In this post, we share the American writer and painter, Henry Miller’s 11 Writing Commandments.
Henry Miller was an American writer and painter. He was born 26 December 1891, and died 7 June 1980. His autobiographical novels achieve a candour—particularly about sex—that made them a liberating influence in mid-20th-century literature. He is also notable for a free and easy American style and a gift for comedy that springs from his willingness to admit to feelings others conceal and an almost eager acceptance of the bad along with the good. Because of their sexual frankness, his major works were banned in Britain and the United States until the 1960s, but they were widely known earlier from copies smuggled in from France.
The list read as follows:
- Work on one thing at a time until finished.
- Start no more new books, add no more new material to “Black Spring.”
- Don’t be nervous. Work calmly, joyously, recklessly on whatever is in hand.

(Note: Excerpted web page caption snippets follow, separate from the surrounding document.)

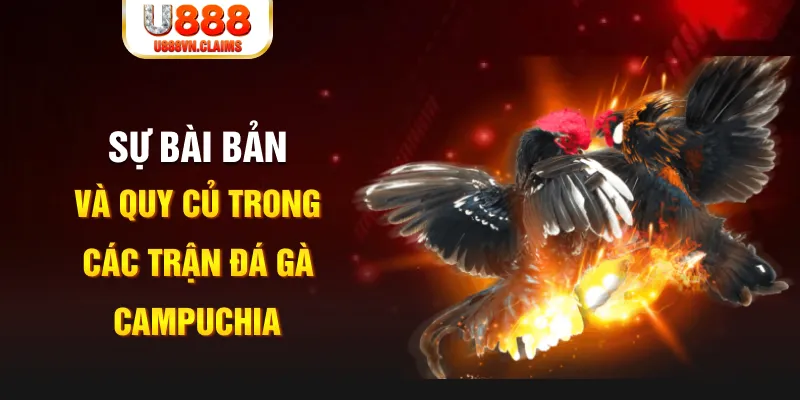 12 bet game xếp bài trên máy tính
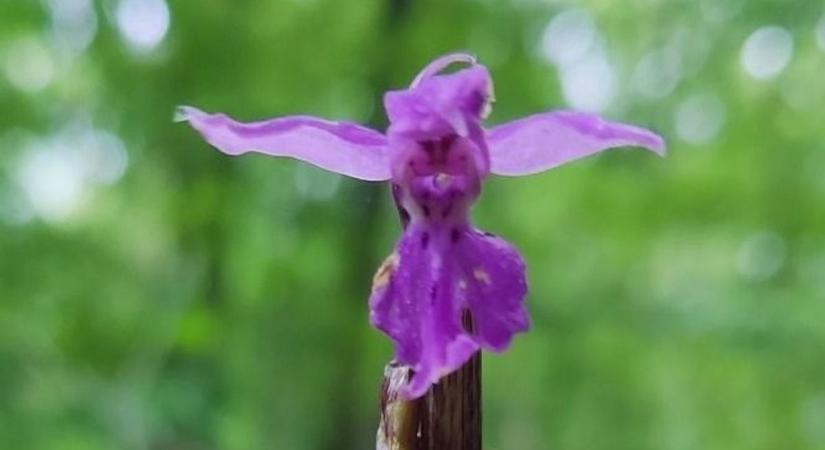Olyan virágot találtak a Hortobágyi Nemzeti Park területén, amilyet eddig még sosem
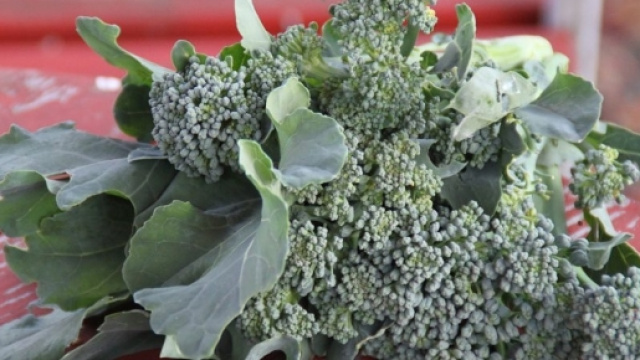I broccoli potrebbero contenere il segreto per vincere il diabete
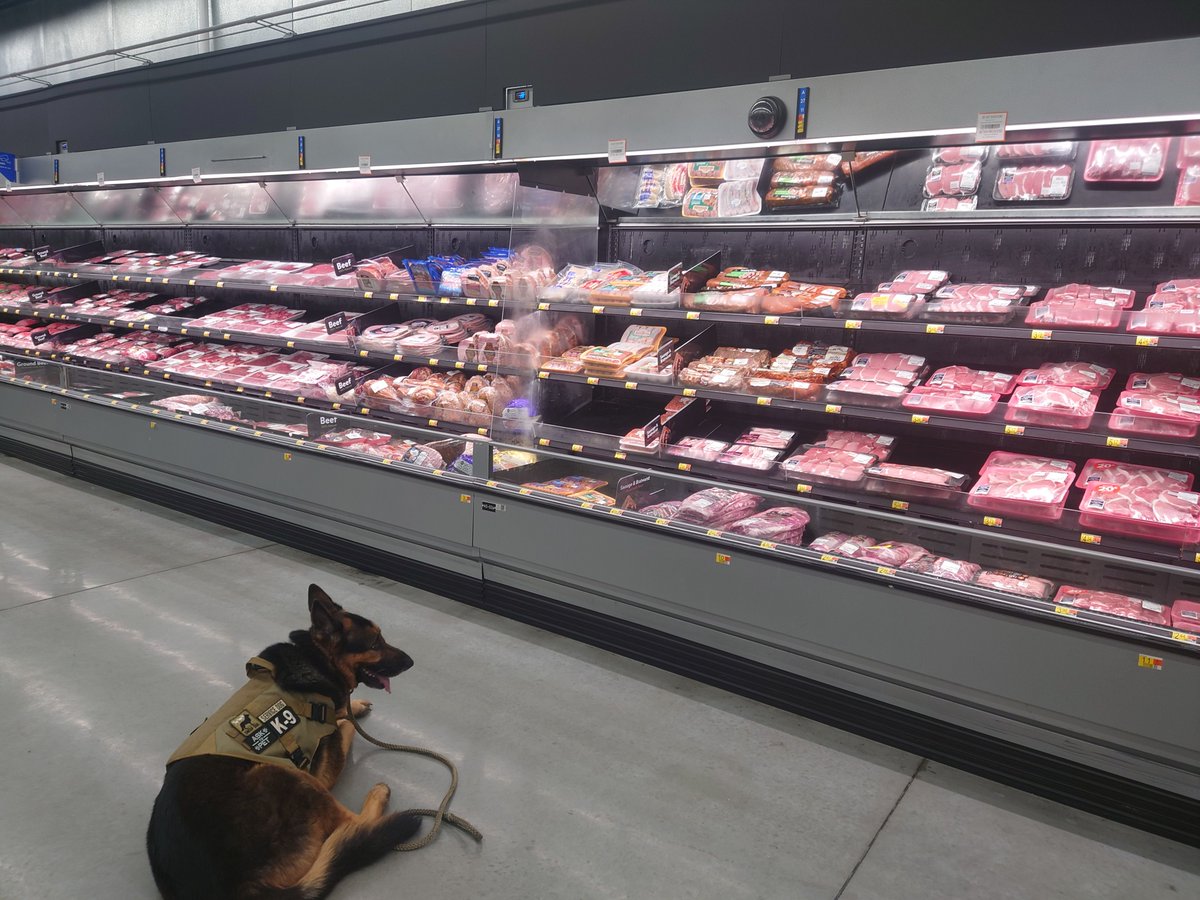 Nitroarms tweet media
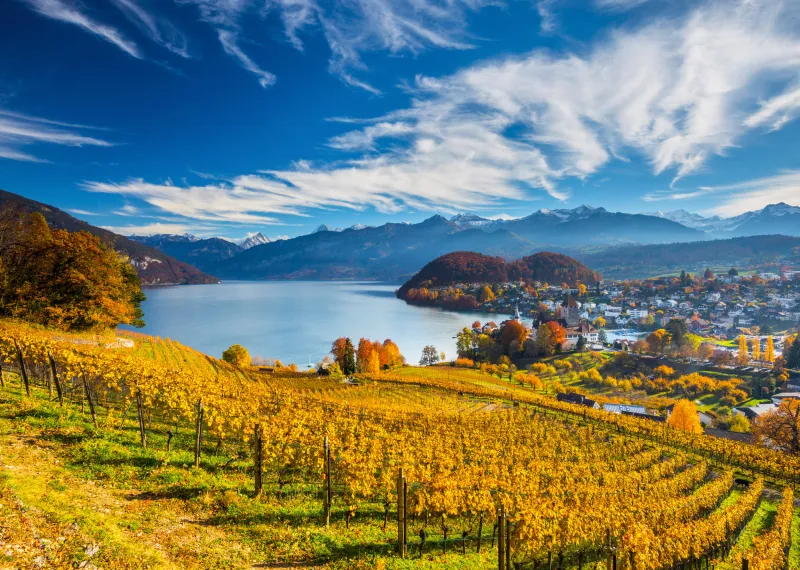 Vineyards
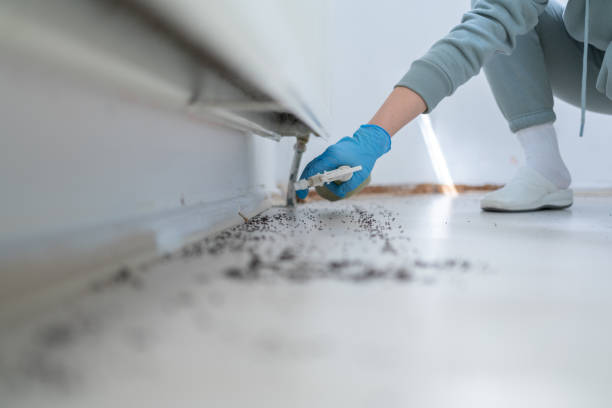 Best Flea Control Services  in Broad Brook, CT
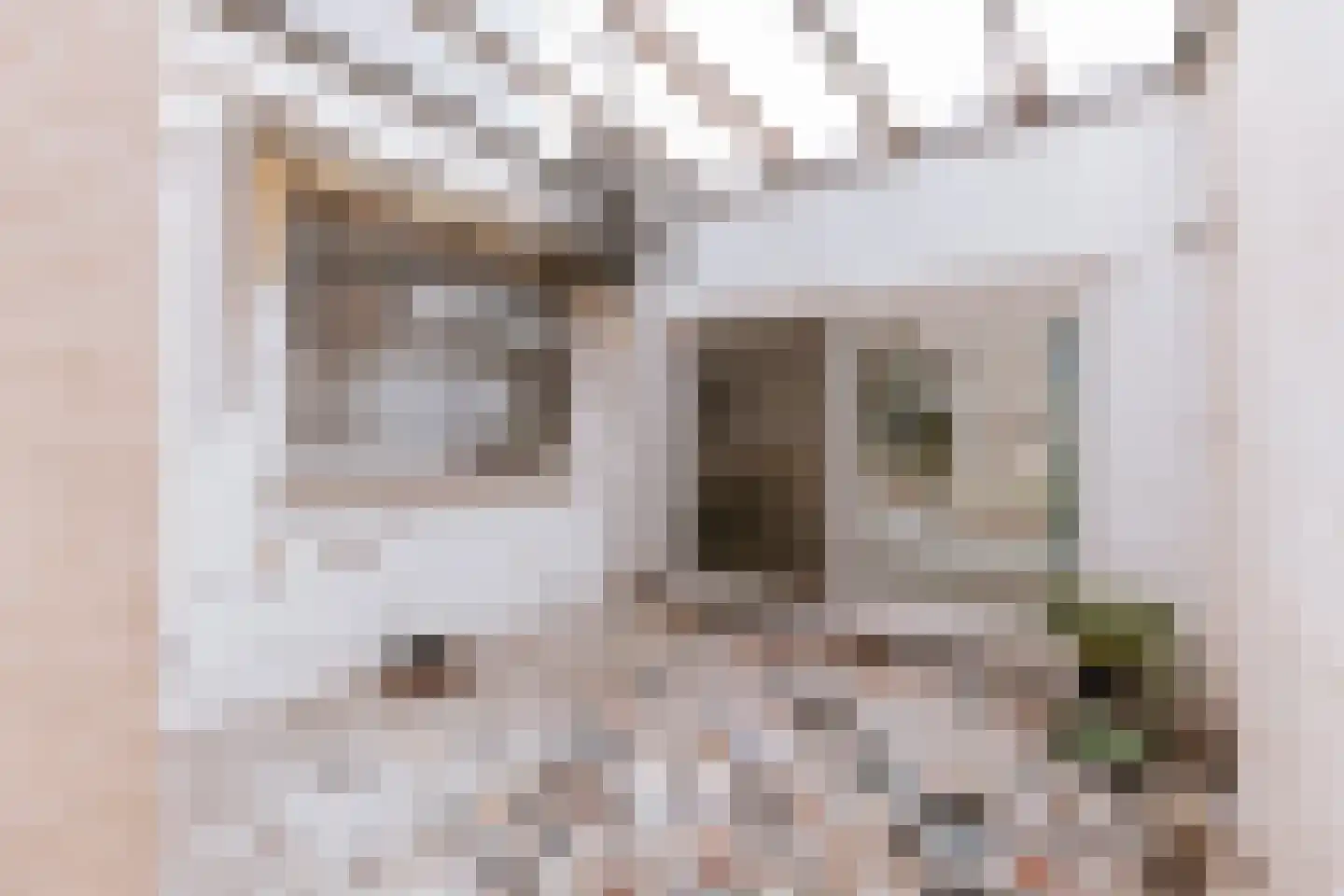 Zwartbroekstraat 7 Roermond thumbnail 20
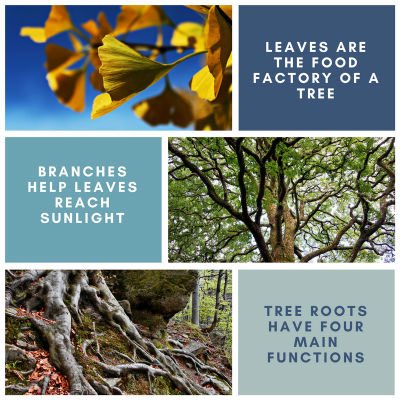 CherokeeTrees's tweet photo. https://t.co/yyUTiHjRwN check out our newest blog. All about tree anatomy! #trees #treecare #417 #springfieldmo https://t.co/1bMhJz0IjA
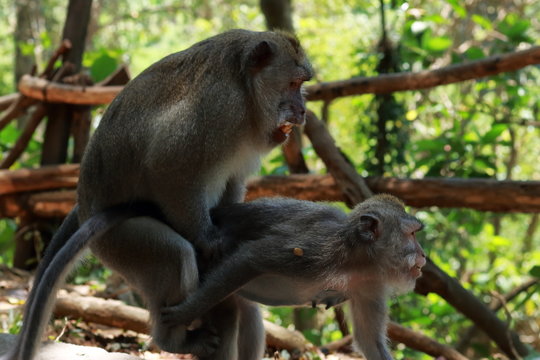 Apareamiento de monos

- Work according to Program and not according to mood. Stop at the appointed time!
- When you can’t create you can work.
- Cement a little every day, rather than add new fertilizers.
- Keep human! See people, go places, drink if you feel like it.
- Don’t be a draught-horse! Work with pleasure only.
- Discard the Program when you feel like it—but go back to it next day. Concentrate. Narrow down. Exclude.
- Forget the books you want to write. Think only of the book you are writing.
- Write first and always. Painting, music, friends, cinema, all these come afterwards.